Sorry, that was copy/pasted from another ticket. I have fixed the description above.

% python3 tests3/pgtests.py -t test_columns -vv
Library: /Users/bkline/repos/pyodbc/build/lib.macosx-11-x86_64-3.10/pyodbc.cpython-310-darwin.so
/Users/bkline/repos/pyodbc/tests3 --> /Users/bkline/repos/pyodbc
python:  3.10.1 (main, Dec  6 2021, 23:20:29) [Clang 13.0.0 (clang-1300.0.29.3)]
pyodbc:  4.0.33b6 /Users/bkline/repos/pyodbc/build/lib.macosx-11-x86_64-3.10/pyodbc.cpython-310-darwin.so
odbc:    03.52
driver:  psqlodbcw.so 13.02.0000
         supports ODBC version 03.51
os:      Darwin
unicode: Py_Unicode=4 SQLWCHAR=2
Max VARCHAR = 255
Max WVARCHAR = 255
Max BINARY = (not supported)
test_columns (__main__.PGTestCase) ... ERROR

======================================================================
ERROR: test_columns (__main__.PGTestCase)
----------------------------------------------------------------------
Traceback (most recent call last):
  File "/Users/bkline/repos/pyodbc/tests3/pgtests.py", line 575, in test_columns
    assert row.precision == 3, row.precision
AttributeError: 'pyodbc.Row' object has no attribute 'precision'

----------------------------------------------------------------------
Ran 1 test in 0.054s

FAILED (errors=1)

bkline commented 2 years ago

All these years using the unittest module and I never knew about the -t testname option. 🤦

gordthompson commented 2 years ago

Okay, so apparently it's not strictly a Python 3.10 thing:

$ python3.10 tests3/pgtests.py -t test_columns -vv
Library: /home/gord/git/pyodbc/build/lib.linux-x86_64-3.10/pyodbc.cpython-310-x86_64-linux-gnu.so
/home/gord/git/pyodbc/tests3 --> /home/gord/git/pyodbc
python:  3.10.1 (main, Dec 21 2021, 17:46:38) [GCC 9.3.0]
pyodbc:  4.0.33b7+test_with_dsn /home/gord/git/pyodbc/build/lib.linux-x86_64-3.10/pyodbc.cpython-310-x86_64-linux-gnu.so
odbc:    03.52
driver:  psqlodbcw.so 12.01.0000
         supports ODBC version 03.51
os:      Linux
unicode: Py_Unicode=4 SQLWCHAR=2
Max VARCHAR = 255
Max WVARCHAR = 255
Max BINARY = (not supported)
test_columns (__main__.PGTestCase) ... ok

----------------------------------------------------------------------
Ran 1 test in 1.719s

OK

Can you run odbcinst -j to check your version of unixODBC?
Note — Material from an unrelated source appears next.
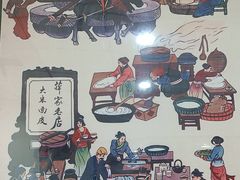 -薛家老店薛昌利大米凉皮(八府庄店)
bkline commented 2 years ago

The version of unixODBC is 2.3.9.

bkline commented 2 years ago

The documentation says:

columns(table=None, catalog=None, schema=None, column=None)
Creates a result set of column information in the specified tables using the SQLColumns function.

Each row has the following columns:

table_cat
table_schem
table_name
column_name
data_type
type_name
column_size
buffer_length
decimal_digits
num_prec_radix
nullable
remarks
column_def
sql_data_type
sql_datetime_sub
char_octet_length
ordinal_position
is_nullable: One of SQL_NULLABLE, SQL_NO_NULLS, SQL_NULLS_UNKNOWN.

# columns in table x
for row in cursor.columns(table='x'):
    print(row.column_name)

Why would the test be written to look for a column which—according to that documentation—shouldn't even be there?

gordthompson commented 2 years ago

Why would the test be written to look for a column which—according to that documentation—shouldn't even be there?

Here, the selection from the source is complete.